We’re thrilled to introduce Gcore Inference at the Edge. This new solution reduces the latency of your ML model output and improves the performance of AI-enabled applications. It’s built on Gcore’s global network of 180+ edge points of presence (PoPs) powered by NVIDIA L40S GPUs. Inference at the Edge particularly benefits latency-sensitive, real-time applications, including generative AI and object recognition. Inference at the Edge is currently in beta mode and is free to use. Read on to learn more about the solution’s features, use cases, and how to get started.
What Is Gcore Inference at the Edge?
Gcore Inference at the Edge enables you to deploy ML models on edge points of presence. Anycast endpoints route end-user queries to the nearest running model for low latency, resulting in a seamless user experience.
There’s no need to manage, scale, and monitor the underlying infrastructure; the setup is completely automated on our side. So, you get a single endpoint to integrate into your application.

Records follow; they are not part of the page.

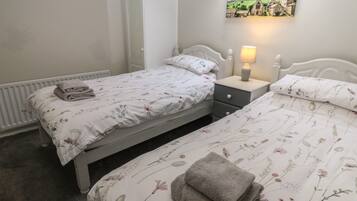 Quarto com duas camas de solteiro, uma mesa de cabeceira com abajur, um radiador e um quadro na parede.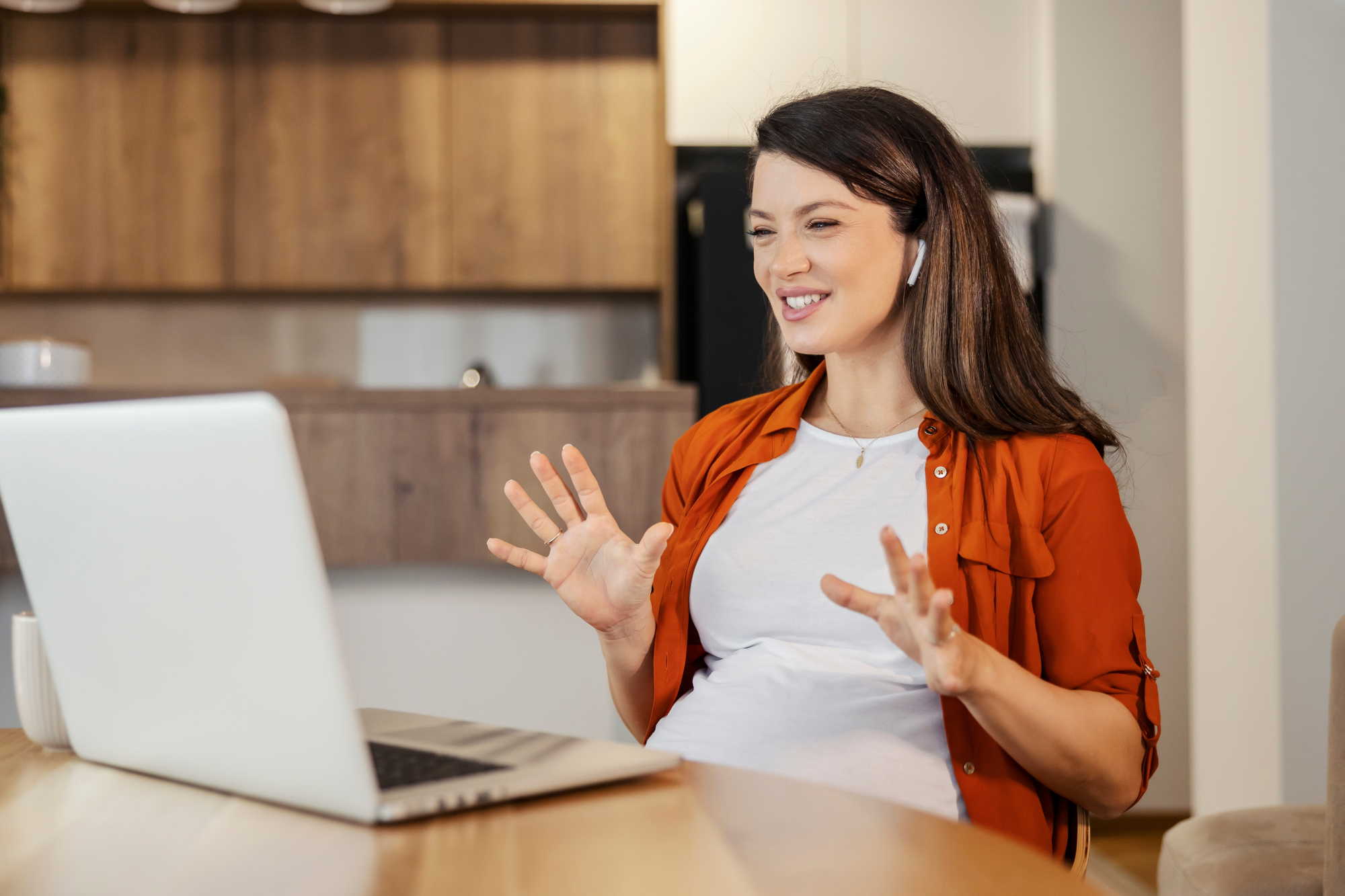 Picture of pregnant woman talking on a virtual meeting with a laptop
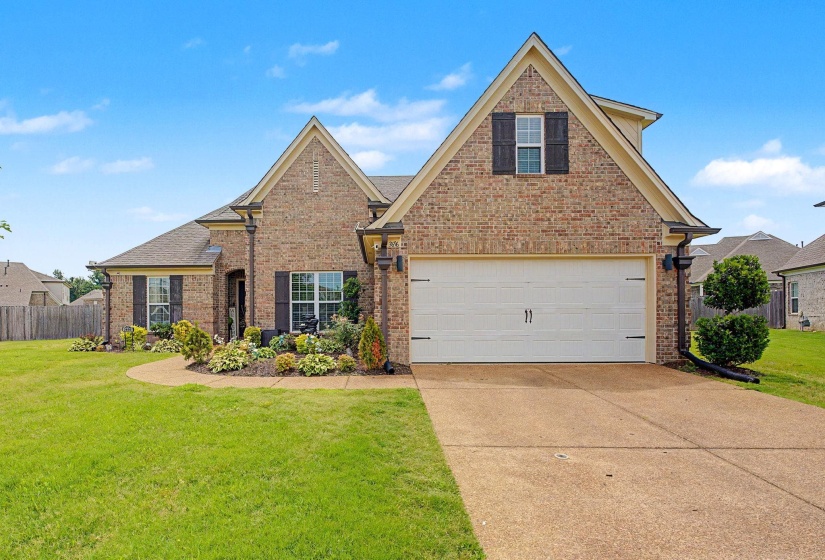 Brick exterior featuring gabled rooflines, an attached two-car garage, and a landscaped front yard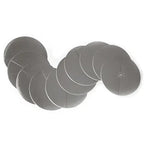 A set of multiple round silver-colored metal discs, each with a small pre-cut slit in the center. The discs are slightly reflective and arranged in an overlapping curved line, showing their thin, flat design. They are intended as protective inserts for ear candles, preventing wax or ash from falling onto the skin.
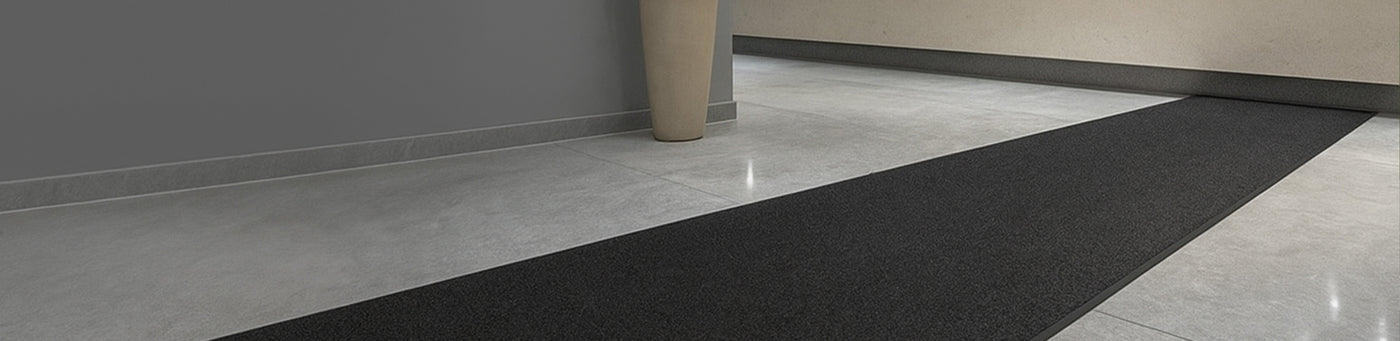 Lange Eingangsmatte in modernem Gewerbegebäude auf hellgrauem Steinboden – idealer Schmutzfangläufer für stark frequentierte Eingangsbereiche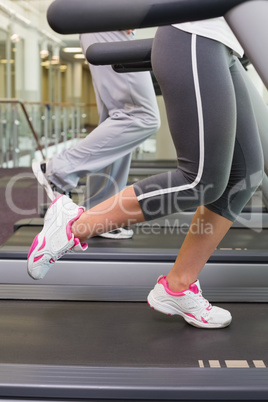 Low section of couple running on treadmills at gym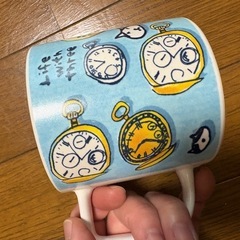 時計と猫柄のマグカップの画像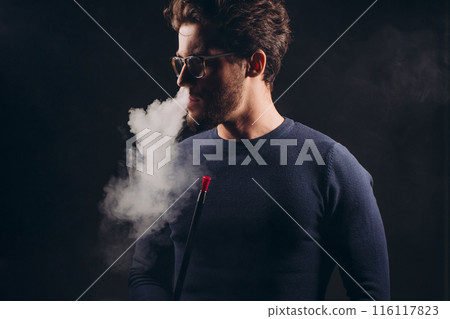 culture and tradition concept. young bearded man breathing out the shishas 116117823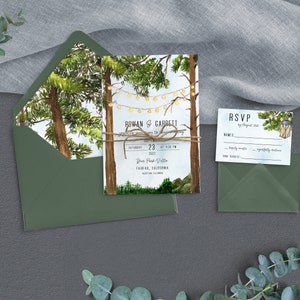 May include: A wedding invitation with a watercolor illustration of a forest scene with string lights. The invitation is tied with twine and has the text "ROWAN & GABREIT" and "SATURDAY 23 AT 4:30 PM" on it. The RSVP card has a lantern illustration and the text "RSVP by August 2022".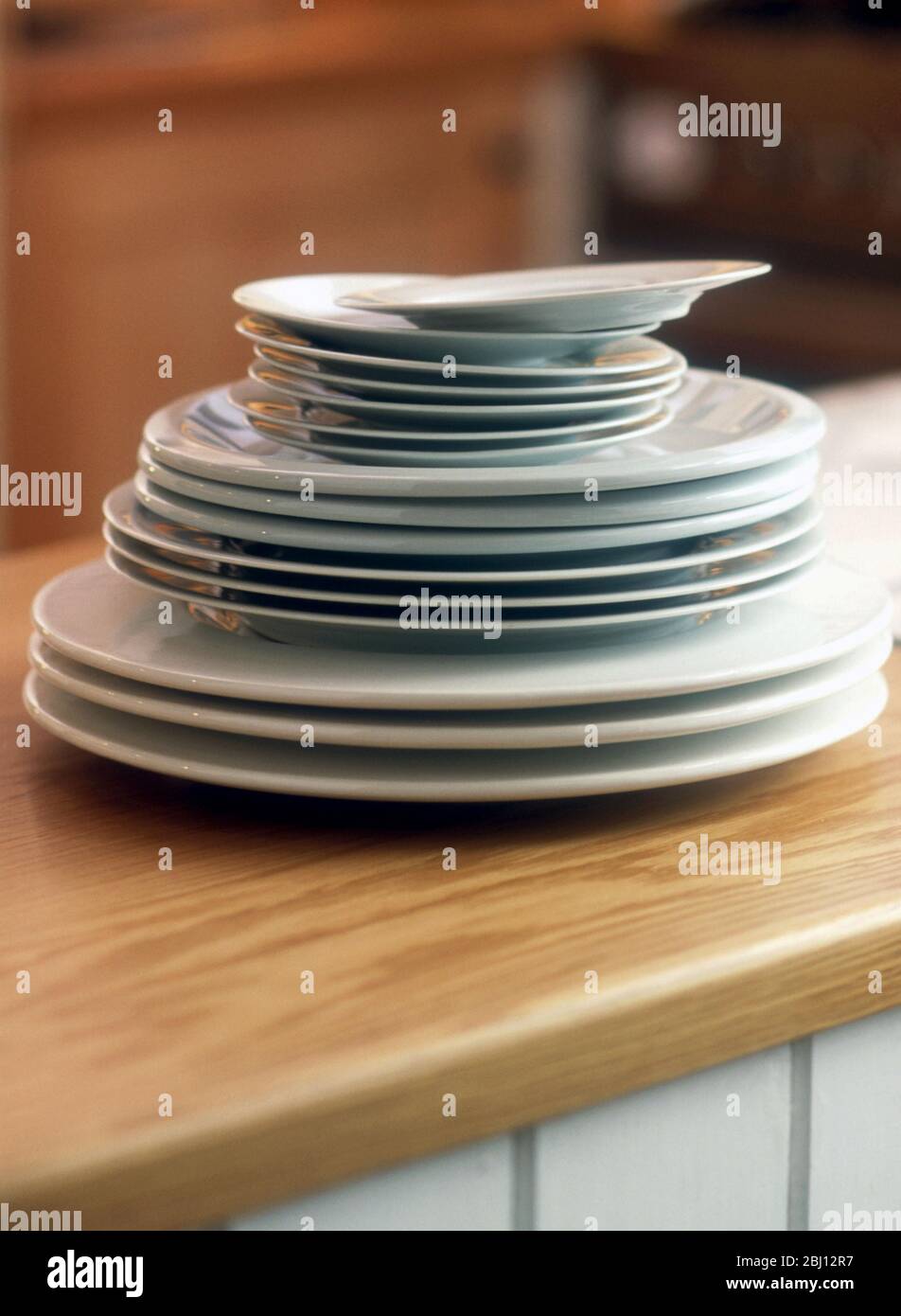Platten in drei verschiedenen Größen auf einer Arbeitsplatte gestapelt - Stockfoto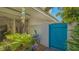 Charming gated courtyard featuring a small fountain and lush tropical landscaping at 7782 Club Ln, Sarasota, FL 34238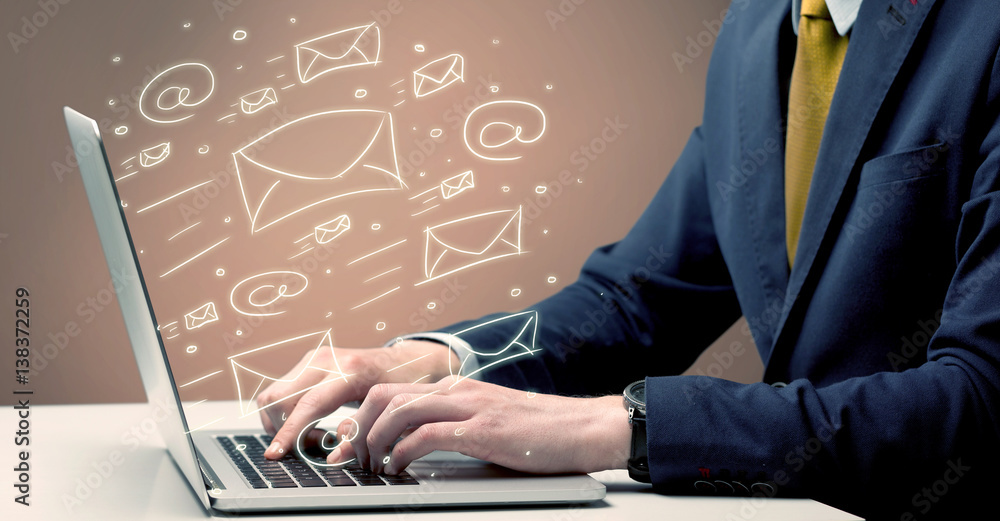 Sending client news letters on laptop Sending client news letters on laptop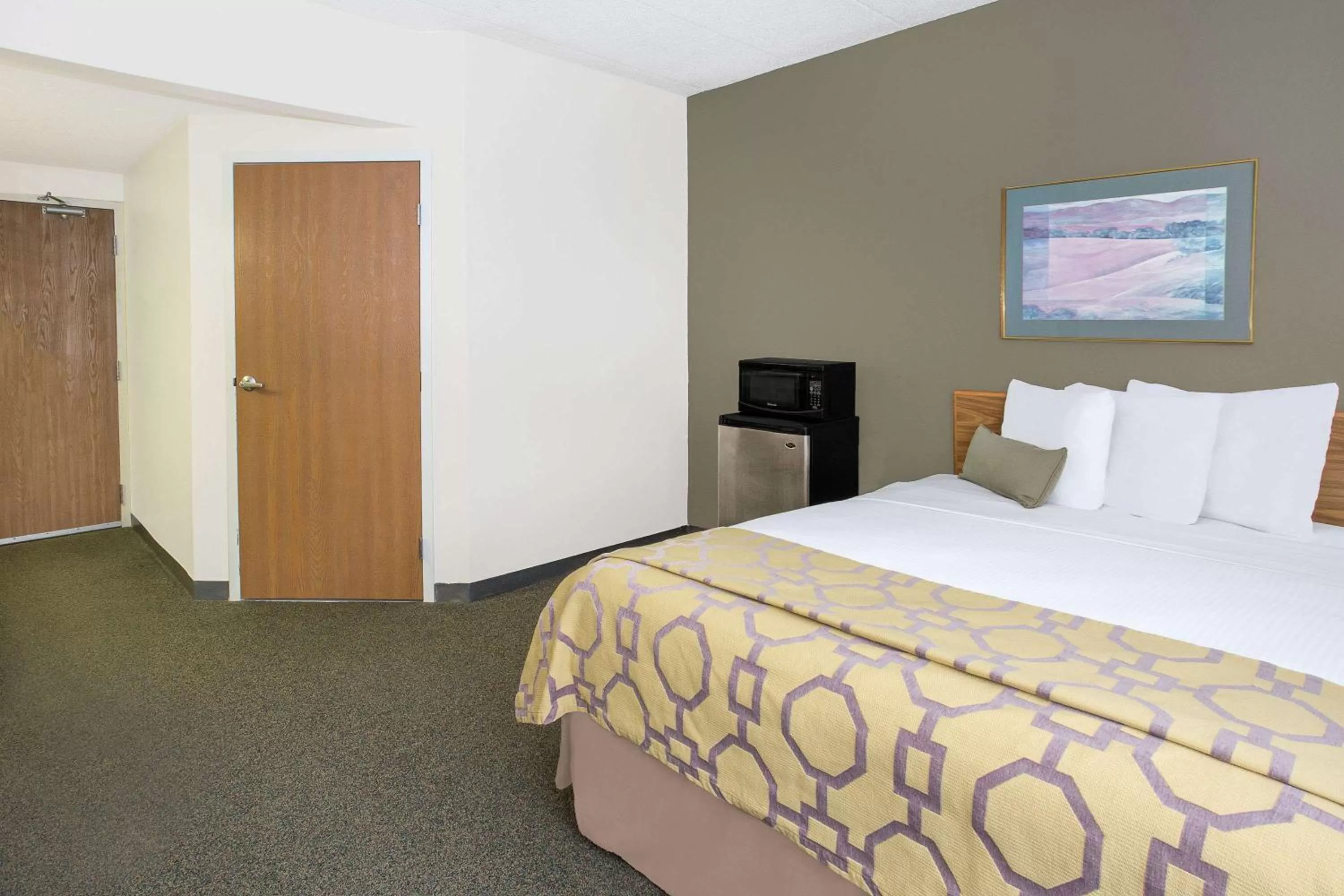 Photo of the whole room, Bed in Baymont by Wyndham Janesville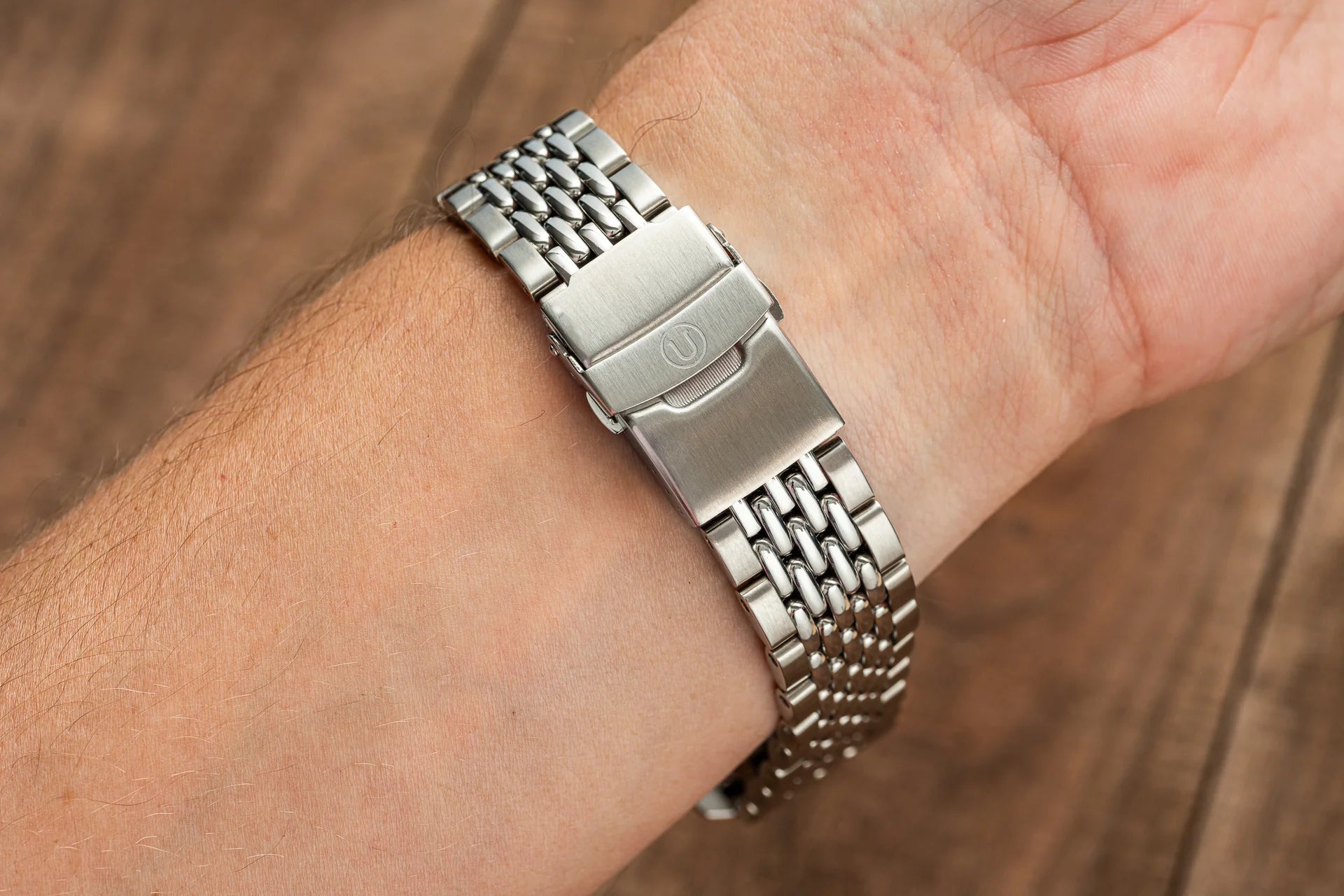 Stainless steel beads of rice bracelet worn on wrist, matching Longines Spirit Zulu Time 39mm watch with brushed clasp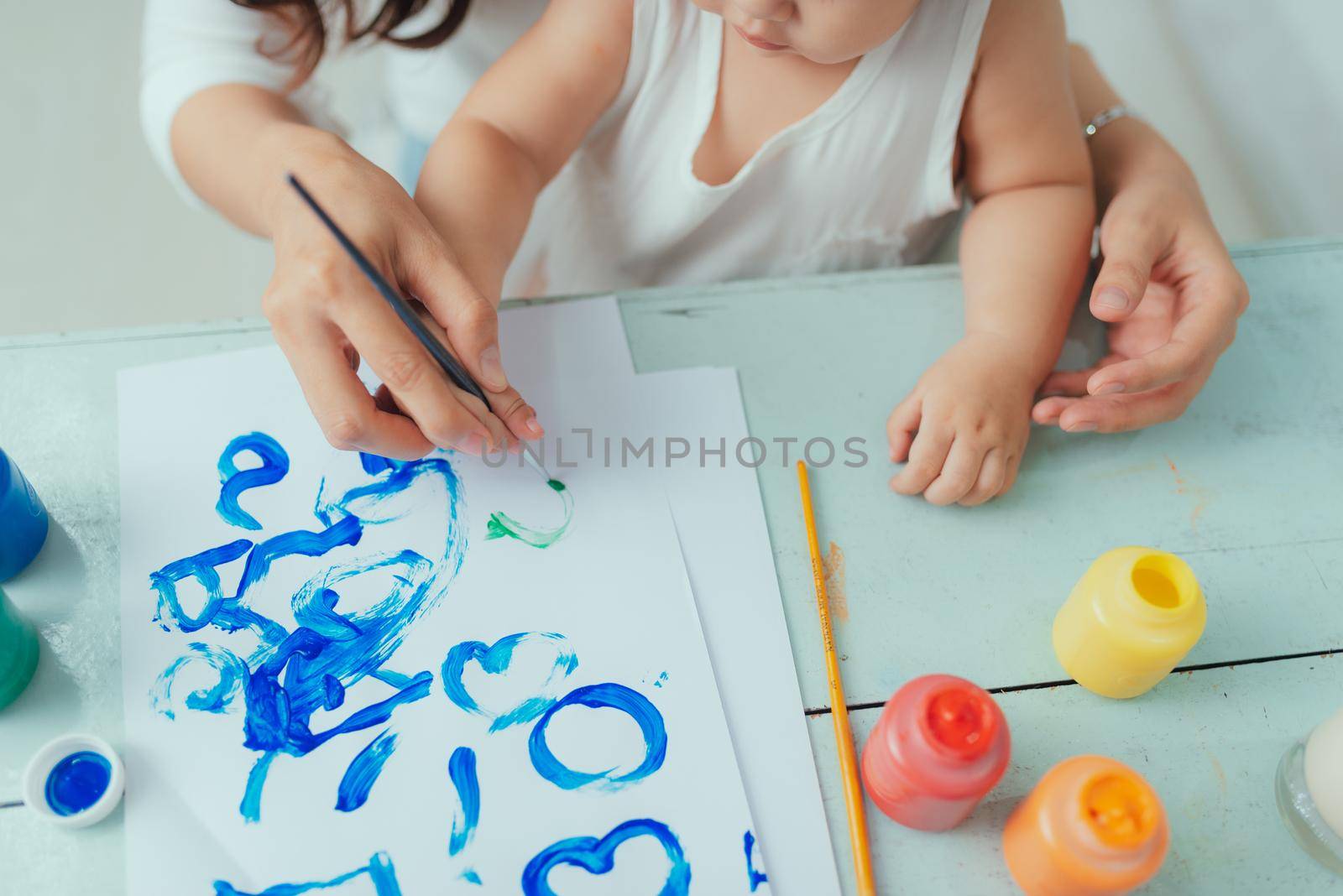 Mother and daughter painting together at home with paintbrushes and watercolors by makidotvn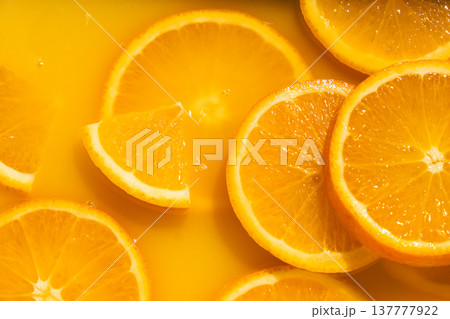 Bright juicy fruity background, oranges drenched in juice 137777922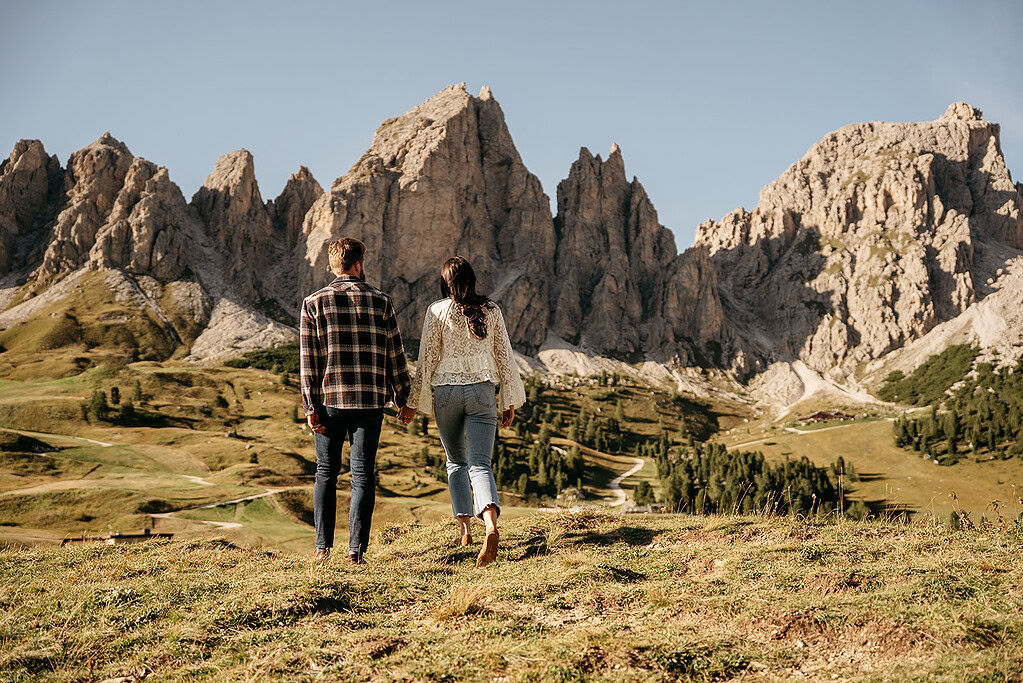 Couple walking towards mountain in scenic landscape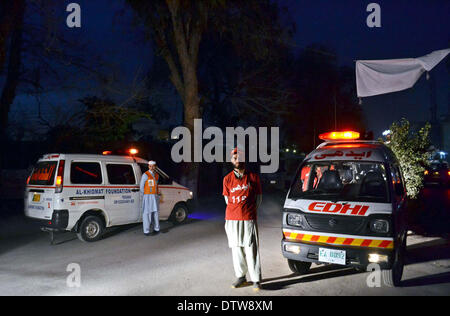 Recues funzionari di polizia e di raccogliere al sito dopo il suicidio esplosione di bomba vicino alla frontiera Corps (FC) verificare post vicino al Consolato Iraniano all'Università Road a Peshawar lunedì 24 febbraio, 2014. Un suicidio blast targeting di un corpo di frontiera (FC) checkpost vicino al Consolato Iraniano Università su strada a sinistra due funzionari FC morti e nove feriti. SP Ahsanullah ha confermato che l'esplosione fosse suicida in natura e ha affermato che dopo il bombardiere era stato impedito di entrare il checkpost nella sua auto, Foto Stock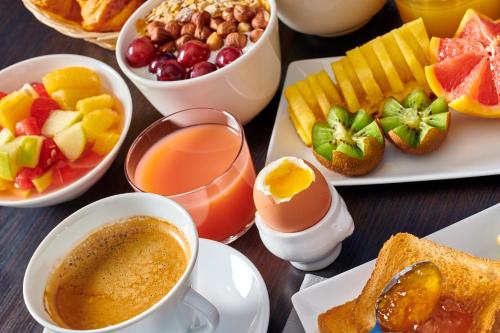 a table with plates of breakfast foods and cups of coffee at Atlanthal in Anglet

Inference at the Edge is based on three components:
- Our low-latency network of over 180 edge PoPs in 90+ countries with Smart Routing and an average network latency of 30 ms
- NVIDIA L40S GPUs deployed on Gcore edge PoPs
- Gcore’s model catalog, which offers popular, open-source foundational ML models, including Mistral 7B, Stable-Diffusion XL, and LLaMA Pro 8B
How Does Gcore Inference at the Edge Work?
We provide you with a single endpoint for your applications. When end users access this endpoint, their requests are delivered to the edge PoPs closest to them.
Here’s an example of how the service works for end users:
A user query and a model output result can be handled in two ways:
- Basic query-result route: When a user sends a query, an edge node defines the route to the closest available inference region with the lowest latency.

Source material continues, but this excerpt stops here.